**Exercise goal:**
Restate, exactly as written, the entries below from the line that holds "Brunary, Brunary, 164, mapa Brunary" through the line that holds "Saro Lifestyle Striped". Pictures are not part of the copy.

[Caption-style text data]

☆ ☆ ☆ ☆

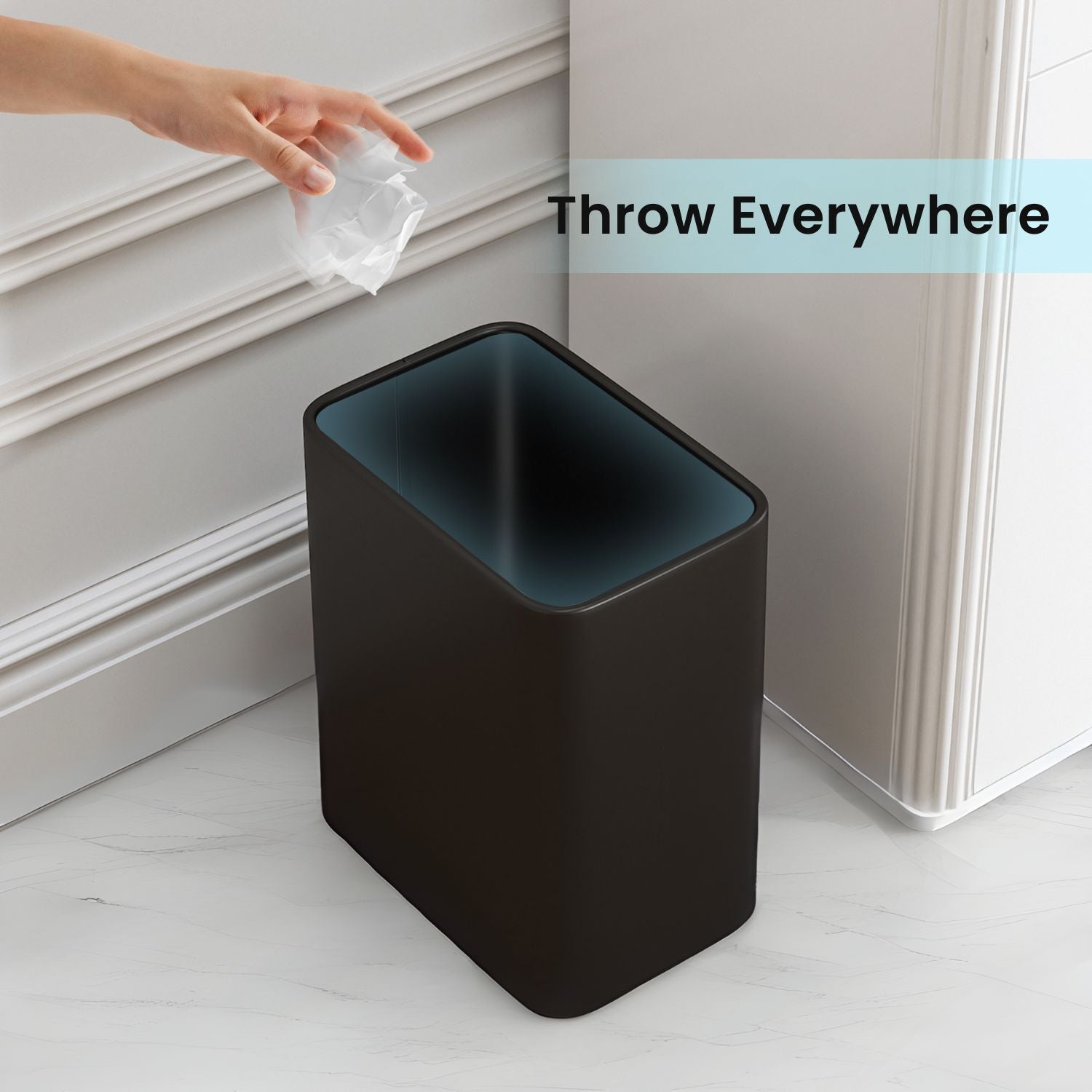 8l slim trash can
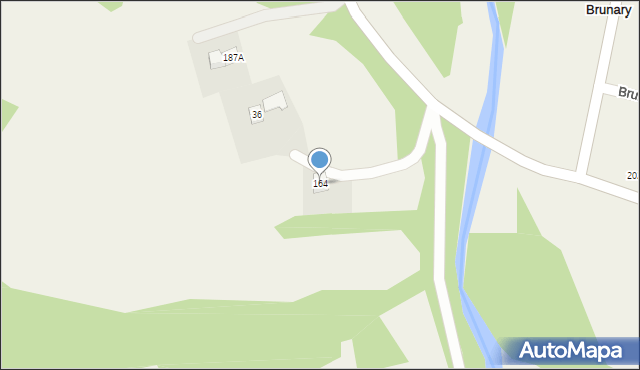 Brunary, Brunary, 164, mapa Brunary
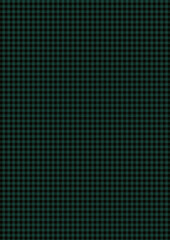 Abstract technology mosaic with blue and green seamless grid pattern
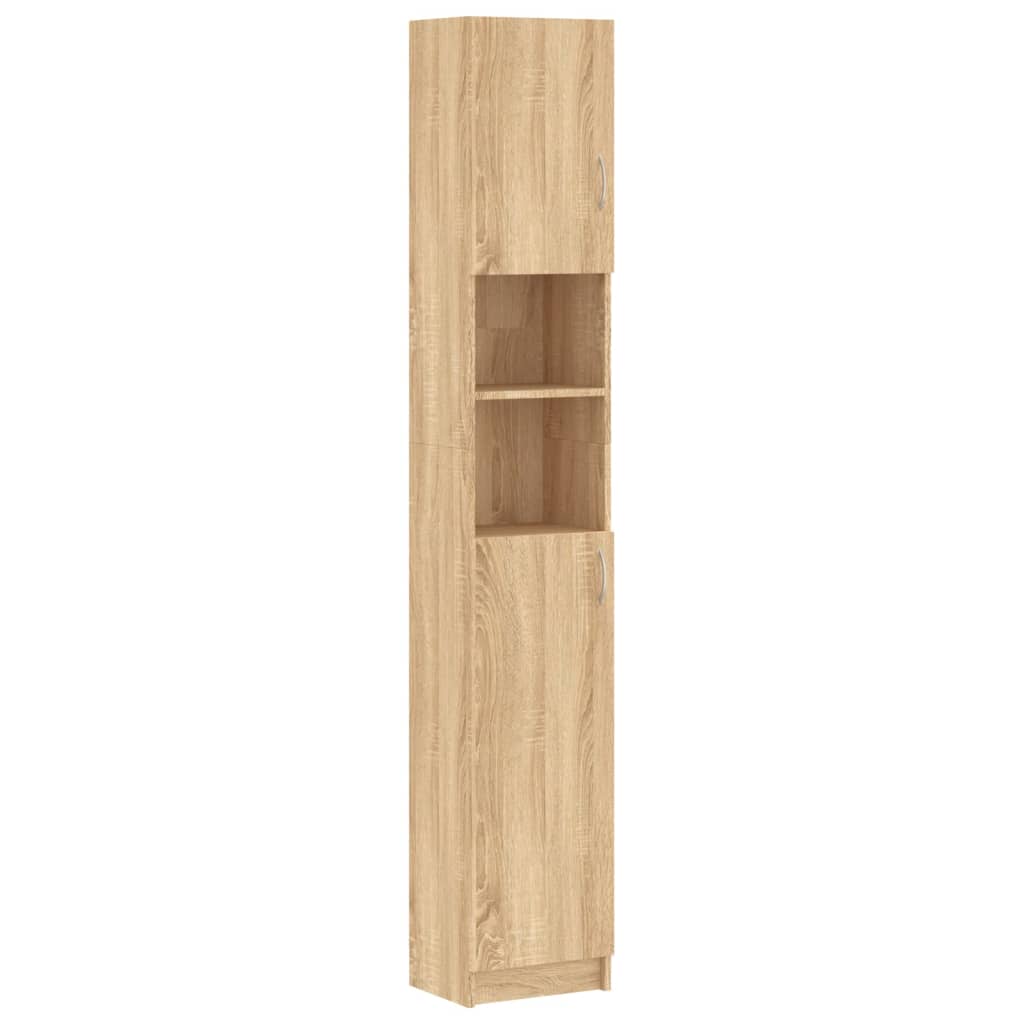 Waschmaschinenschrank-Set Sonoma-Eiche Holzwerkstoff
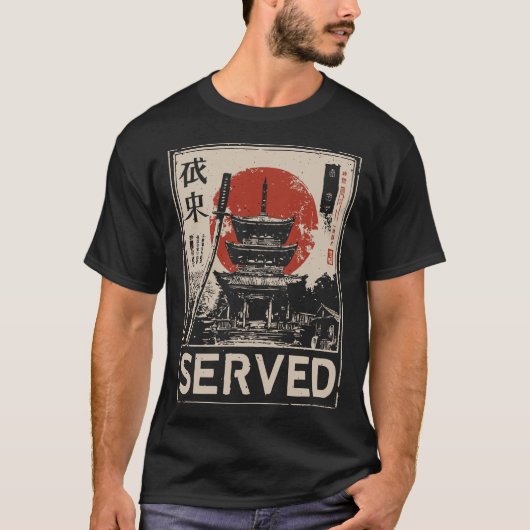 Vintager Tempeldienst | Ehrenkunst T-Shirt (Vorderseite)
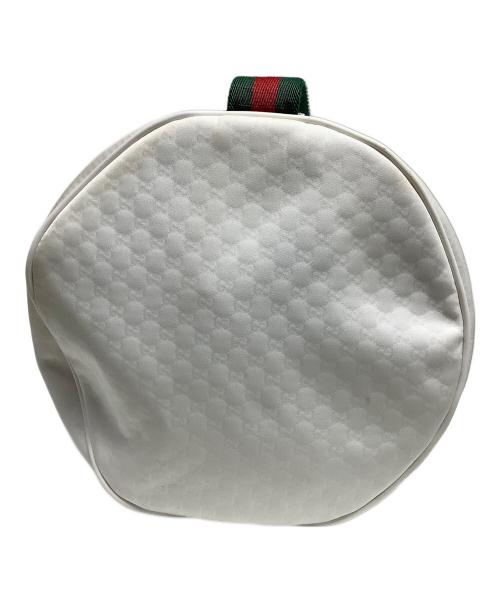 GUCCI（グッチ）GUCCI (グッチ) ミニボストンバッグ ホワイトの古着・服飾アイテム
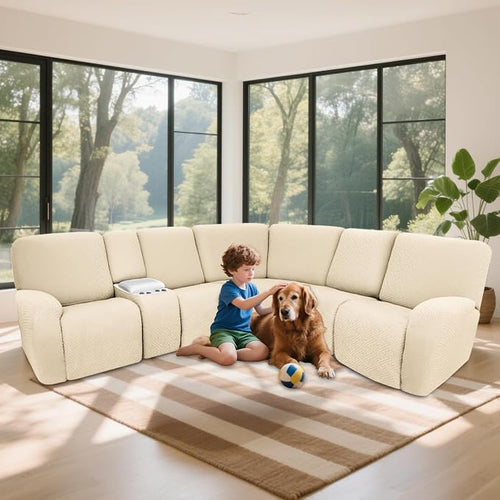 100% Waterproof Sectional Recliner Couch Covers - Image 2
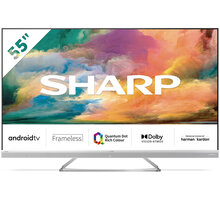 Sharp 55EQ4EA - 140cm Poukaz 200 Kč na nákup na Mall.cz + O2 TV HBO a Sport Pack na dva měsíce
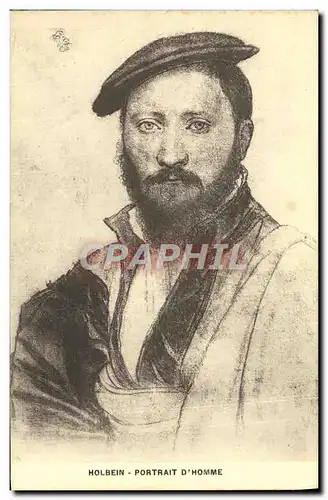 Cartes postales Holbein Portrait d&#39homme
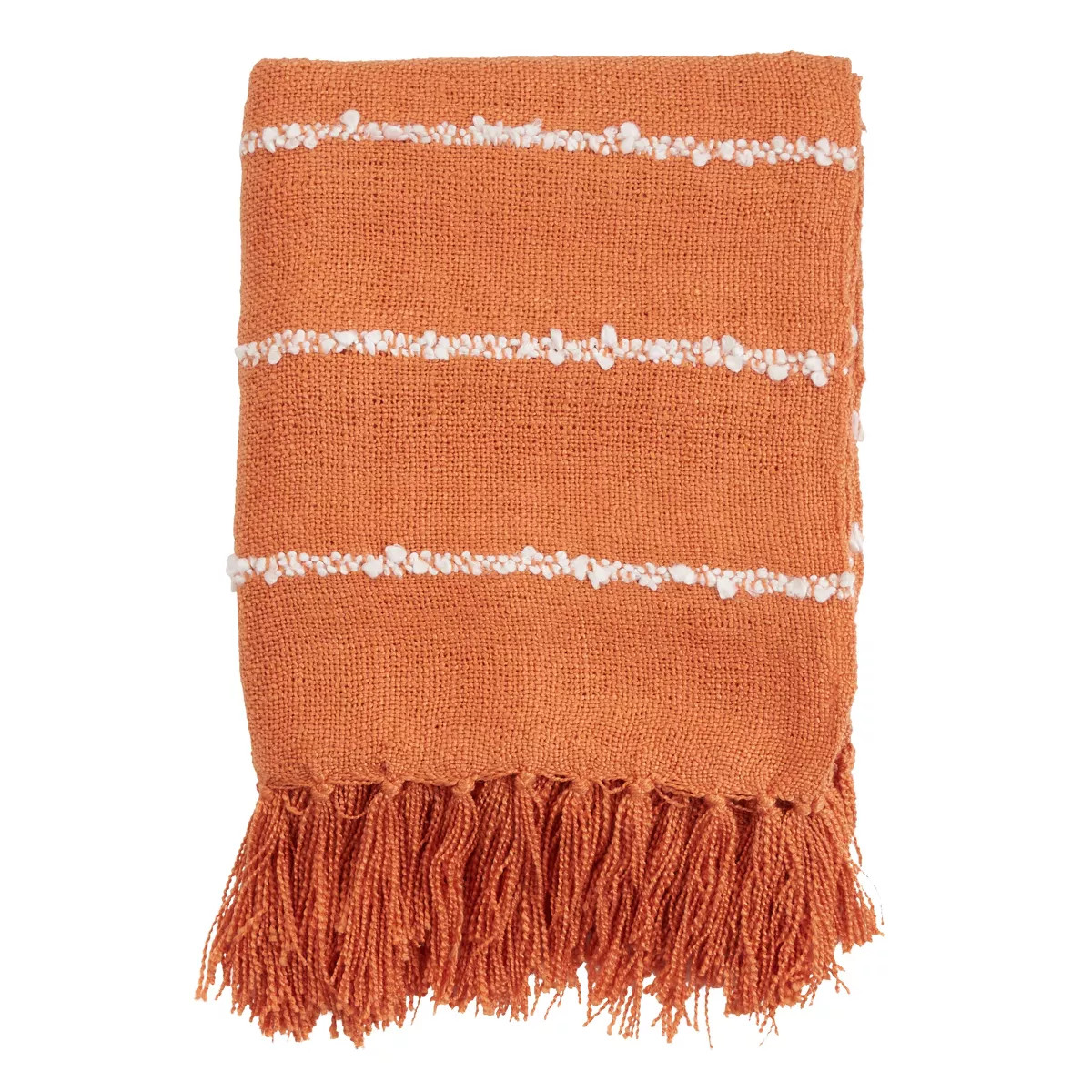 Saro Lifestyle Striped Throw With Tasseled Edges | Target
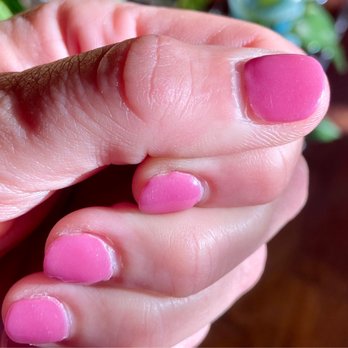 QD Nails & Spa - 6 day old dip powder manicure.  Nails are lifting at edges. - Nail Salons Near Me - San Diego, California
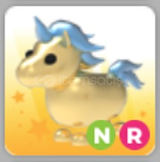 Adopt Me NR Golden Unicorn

☆ ☆ ☆ ☆

**Answer:**
 Brunary, Brunary, 164, mapa Brunary
 Abstract technology mosaic with blue and green seamless grid pattern
 Waschmaschinenschrank-Set Sonoma-Eiche Holzwerkstoff
 Vintager Tempeldienst | Ehrenkunst T-Shirt (Vorderseite)
 GUCCI（グッチ）GUCCI (グッチ) ミニボストンバッグ ホワイトの古着・服飾アイテム
 100% Waterproof Sectional Recliner Couch Covers - Image 2
 Sharp 55EQ4EA - 140cm Poukaz 200 Kč na nákup na Mall.cz + O2 TV HBO a Sport Pack na dva měsíce
 Cartes postales Holbein Portrait d&#39homme
 Saro Lifestyle Striped Throw With Tasseled Edges | Target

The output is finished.